Design & Inspiration

Hayley Martin, Founder of Once Upon a Charm Eyewear, on Designing Eyewear Children Want to Wear

Hayley Martin, Founder of Once Upon a Charm Eyewear, on Designing Eyewear Children Want to Wear

Hayley Martin

Hayley Martin is the founder of Once Upon a Charm Eyewear, a design-led brand reimagining children's prescription eyewear. Inspired by a gap between function and experience, she combines thoughtful design with a child-centered perspective to create eyewear that is as engaging as it is practical.

Thank you. I'm honored to be recognized, particularly in the Fashion – Eyewear category. I’m the founder of Once Upon a Charm Eyewear, a product design-led brand focused on rethinking children's prescription eyewear.

My path into design wasn't traditional. It emerged from recognizing a gap where function and experience were misaligned and realizing that thoughtful design could address both simultaneously.

The recognition is meaningful because it validates the work at a design level, not merely as a concept or a niche product. The MUSE Design Awards celebrate both aesthetics and functionality, and that dual recognition is central to what this product aims to achieve.

It reinforces the idea that children's products—particularly prescription eyewear—can, and should, meet the same standards of innovation, integration, and refinement as any other category.

It has shifted the conversation. The work is now being evaluated through a design lens rather than solely as a children's product, opening the door to more meaningful industry engagement.

It has also created opportunities to connect with partners and retailers who value design-led differentiation and are seeking products that bring genuine innovation to their category.

Experimentation is essential, particularly when the goal is to move beyond incremental improvement. In this case, it involved rethinking how customization could exist within eyewear.

Rather than applying interchangeable elements to the surface, we explored how that functionality could be embedded directly into the frame architecture. This required multiple iterations across materials, tolerances, and user interactions to ensure the mechanism felt intuitive, secure, and seamlessly integrated.

One of the more unexpected sources of inspiration was the bottom of my purse—not in a curated sense, but in the very real, slightly chaotic way it becomes a holding place for whatever my child decides is worth keeping: pebbles from a walk, shells from the beach, or a sticker that simply cannot be thrown away.

What stood out was how much meaning could be assigned to very small, interchangeable objects. That behavior—the collecting, the swapping, the quiet sense of ownership—informed the idea that customization should feel inherent and personal rather than added on.

In that sense, the foundational design draws less from traditional references and more from observing how value is created at a child's scale and through a child's perspective. The everyday chaos of my purse, and the realization that there is wonder in small collectible objects, became the true inspiration behind the design principles of my eyewear line.

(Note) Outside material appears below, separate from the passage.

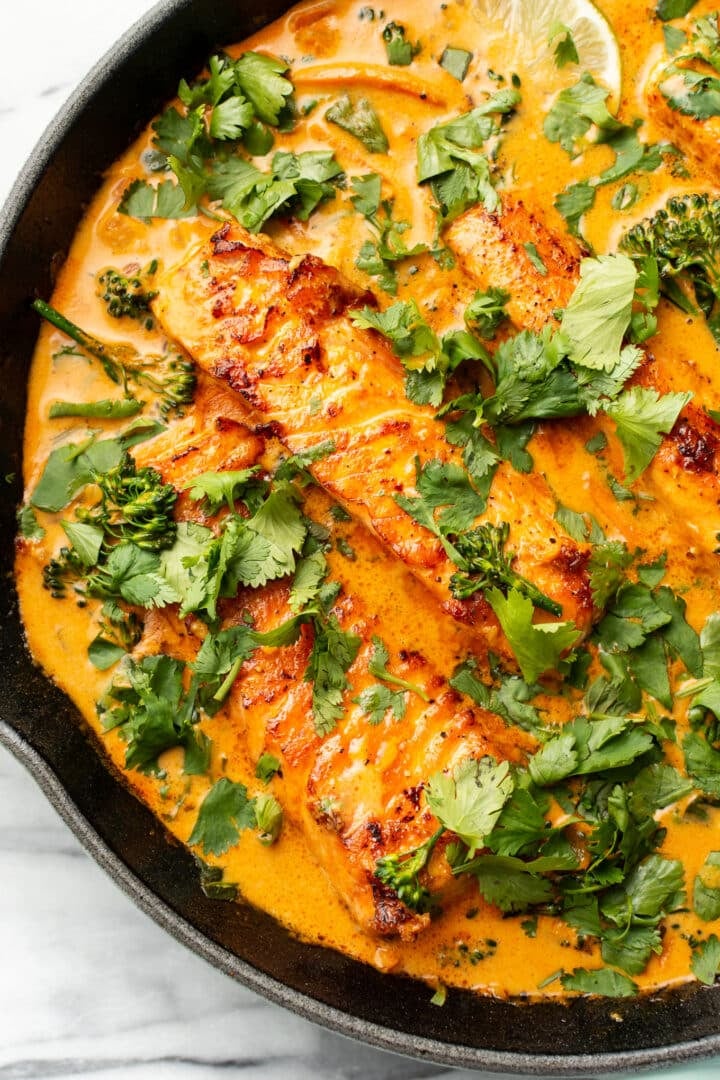 a cast iron skillet with salmon coconut curry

That good design is often invisible. When something feels intuitive, seamless, and effortless, it is usually the result of significant problem-solving behind the scenes.

The most successful outcomes are rarely about adding more, but rather about resolving complexity in a way that feels simple and natural to the end user.

In this category, the "client" is not a single audience, but a group of stakeholders with different priorities: the optician deciding whether to carry the frame, the parent making the purchase, and the child who ultimately determines whether it will be worn.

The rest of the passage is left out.